Either one can exist (and often do) without the other.  Defining fitness for 
human populations is a bit more complex than for other organisms.  If we 
take the standpoint that fitness is the genetic contribution of an 
individual to a population, then yes, being altruistic in the absence of 
expected supernatural transcendence may seem odd.  However, many contend 
that any contribution to a next generation (a great work of art, an 
influential book, an influencial social change) should be considered into 
human fitness.  There is also the aspect of whether we are ever completely 
altruistic.  The seemingly altruistic behavior of one may enhance the 
environment in which his/her offspring will grow, thus enhancing the chances 
of perpetuating those genes.  While this is far from the tragedy of the 
commons, it seems more like selfish genes to me.
------------------------------------------------------------------
Dr. Edwin Cruz-Rivera
Assist. Prof./Director, Marine Sciences Program
Department of Biology
Jackson State University
JSU Box18540
Jackson, MS 39217
Tel: (601) 979-3461
Fax: (601) 979-5853
Email: [EMAIL PROTECTED]

"It is not the same to hear the devil as it is to see him coming your way"
(Puerto Rican proverb)
----- Original Message ----- 
From: "Warren W. Aney" <[EMAIL PROTECTED]>
To: <ECOLOG-L@LISTSERV.UMD.EDU>
Sent: Monday, May 07, 2007 11:35 PM
Subject: Re: News: Conservatives Split Over Darwin and Evolution


> James, I am pleased that I stimulated your thoughtful response on this
> topic.  We have much more to agree on than disagree.  I agree that my
> perspective is European-American, but would think that the religious
> perspective I described includes Eastern and well as Western Europe.  And 
> it
> may be that the Southern Baptist perspective is closer to the Roman 
> Catholic
> (and Eastern Orthodox) perspectives than you might think, particularly 
> when
> it comes to contemporary issues such as abortion, homosexuality and 
> Biblical
> inerrancy.  And some Christian perspectives such as Unitarianism might be
> more accepting of a Buddhist perspective than that of a fundamentalist
> Christian.  And fundamentalist Christians have a lot in common with
> fundamentalist Muslims, at least in tactics if not in theology.
>
> I don't think I said that religion can explain the inexplicable (although
> many people of faith do believe in that oxymoron). I tried to emphasize 
> that
> there are some very important inexplicables, many having to do with
> purpose -- purposes for creation at one end of the scale and for 
> individual
> lives at the other.
>
> To me, one of the most amazing of inexplicable phenomena is the altruistic
> atheist. To me, a life that denies ultimate purpose should be a life that 
> is
> hedonistic and self-centered. Yet very many atheists are noble and
> self-sacrificing supporters of peace, justice and charity.  How does
> Darwinian selection explain altruism towards another human who shares so
> very little of your unique genotype?  Where did this standard of behavior
> come from and why do so many of us, regardless of faith, or lack thereof,
> adhere to it even some of the time?  This standard is so often mentioned 
> in
> both the Hebrew and Christian Bibles (and in the Koran and in Buddhist
> literature), that I wonder if it's somehow a transcendent message that's
> been slowly and persistently filtering through human intellects.
>
> And I agree wholeheartedly that both the findings of science and the
> scientific method should be a major part of everyone's public education.
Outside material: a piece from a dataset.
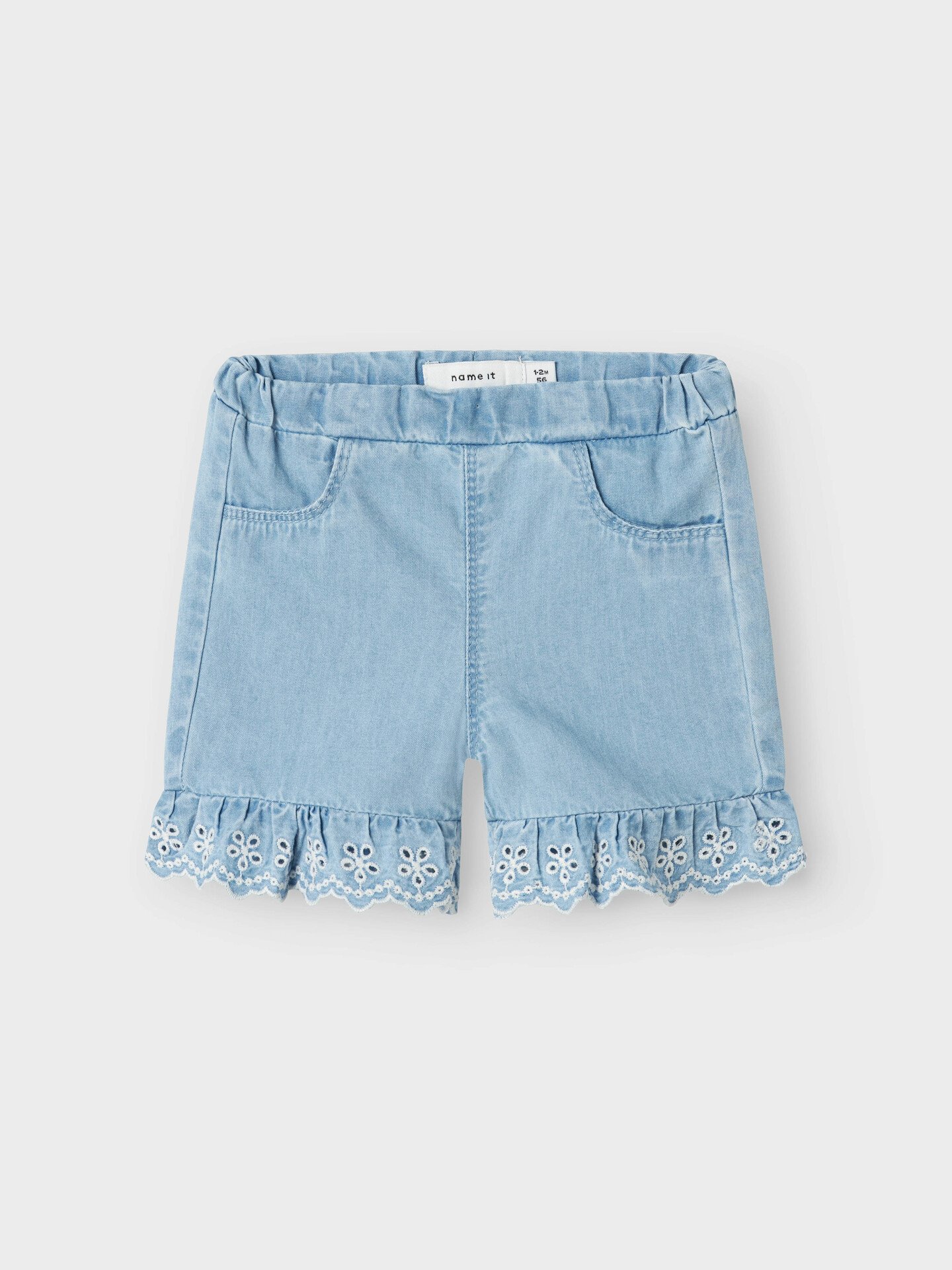 Name It Rose Denim Shorts Light Blue Denim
> Religion should also be part of everyone's education, but only as a course
> in social science -- and it should teach about all religions and not teach 
> a
> religion.  There are many things that an educated person can only 
> understand
> if they have knowledge of our religions and their stories -- things such 
> as
> history, art, literature and politics.
>
> As Prof. E. O. Wilson says, "Science and religion are the two most 
> powerful
> forces of society."  We need to harness the combined power of both if we 
> are
> going to solve some of the great challenges facing our world today (see
> Wilson's 2006 book "The Creation"). Scientists, as responsible citizens,
> cannot afford to dismiss religion as just superstition.
>
> Warren Aney
> (503)246-8613
>
> -----Original Message-----
> From: Ecological Society of America: grants, jobs, news
> [mailto:[EMAIL PROTECTED] Behalf Of James J. Roper
> Sent: Monday, 07 May, 2007 19:53
> To: ECOLOG-L@LISTSERV.UMD.EDU
> Subject: Re: News: Conservatives Split Over Darwin and Evolution
>
>
> Warren,
>
> This discussion is interesting, because it is so "Western European".  We
> forget that it is not just science versus christian perspectives out
> there. There are approximately 2 billion christians out there, but this
> lumps Southern Baptists with Roman Catholics, and they sure have little
> in common with respect to their core beliefs. Islam is the second
> largest (and growing) single religion (with around 1.3 billion), but by
> the civil war in Iraq, we see that they are not quite unified either.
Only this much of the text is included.